**DATASET SECTION**
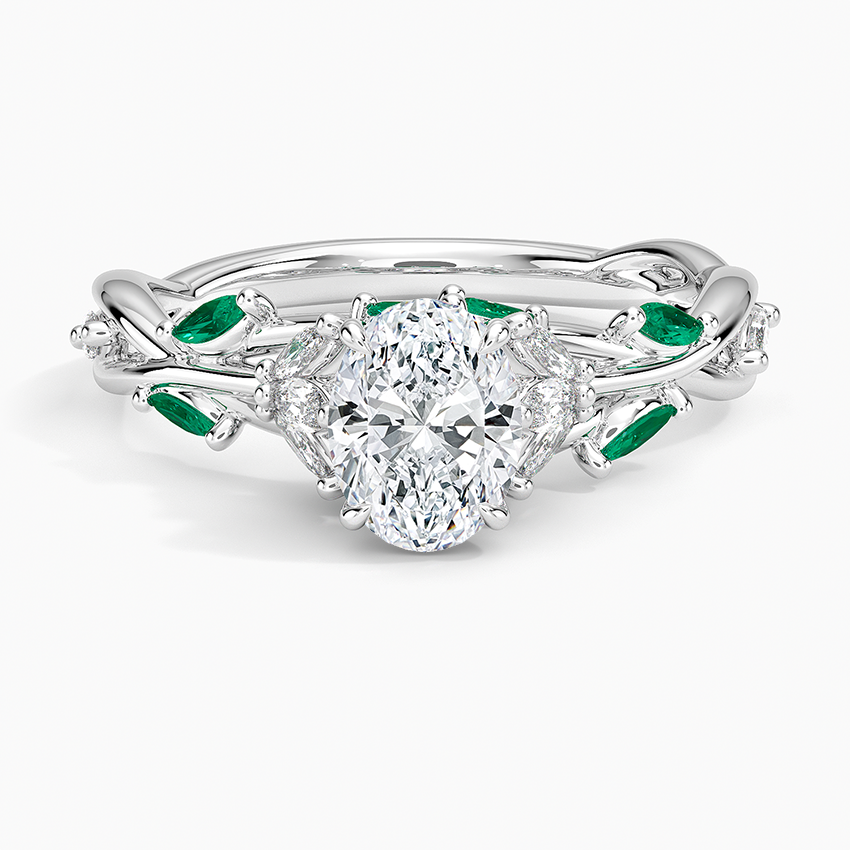 Secret Garden Lab Emerald and Diamond Ring (1/4 ct. tw.) Platinum Oval Engagement Ring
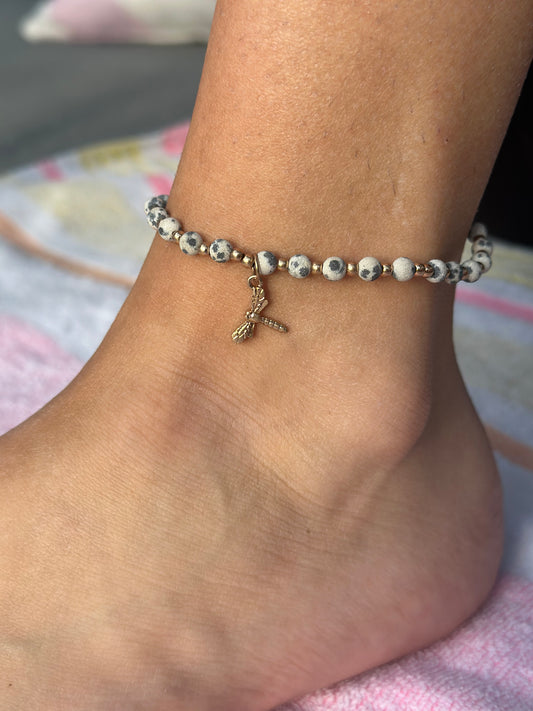 Stone Beads Anklet With Dragonfly Charm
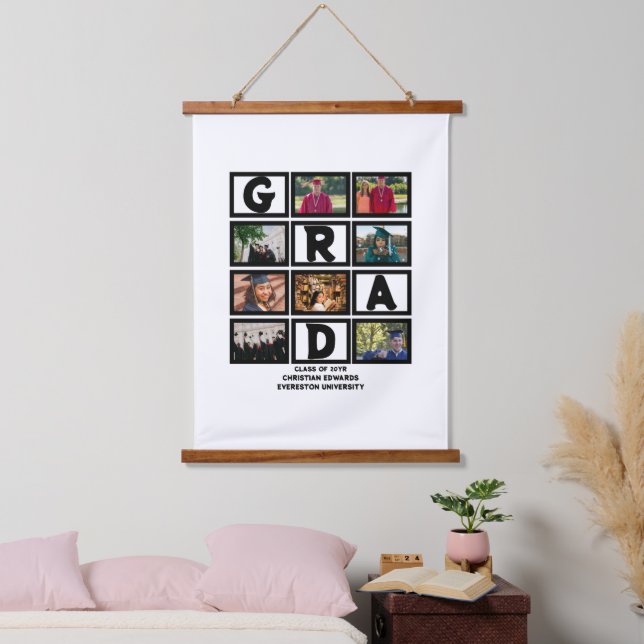 Maßgeschneiderte Abschluss-Klasse für Foto-Collage Wandteppich Mit Holzrahmen (Schlafzimmer)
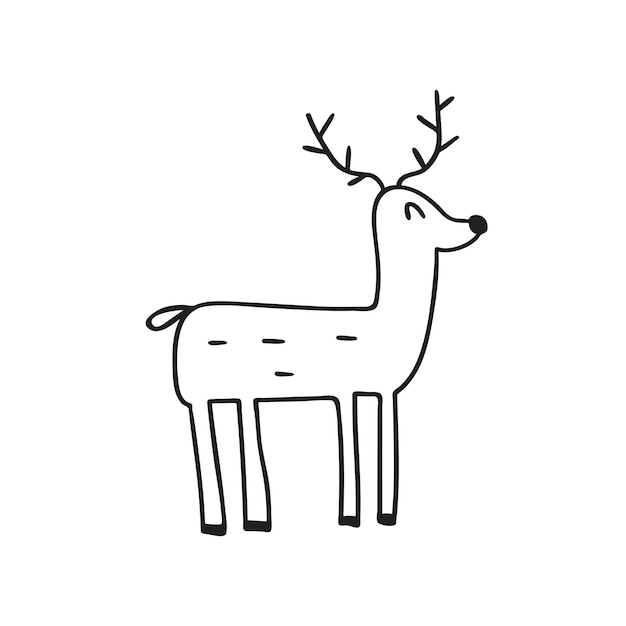 Cute deer Outline icon Black color Illustration on white background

**TASK**
Without the pictures, retype the whole of the material above exactly.

**SOLUTION TO THIS EXERCISE**
 Secret Garden Lab Emerald and Diamond Ring (1/4 ct. tw.) Platinum Oval Engagement Ring
 Stone Beads Anklet With Dragonfly Charm
 Maßgeschneiderte Abschluss-Klasse für Foto-Collage Wandteppich Mit Holzrahmen (Schlafzimmer)
 Cute deer Outline icon Black color Illustration on white background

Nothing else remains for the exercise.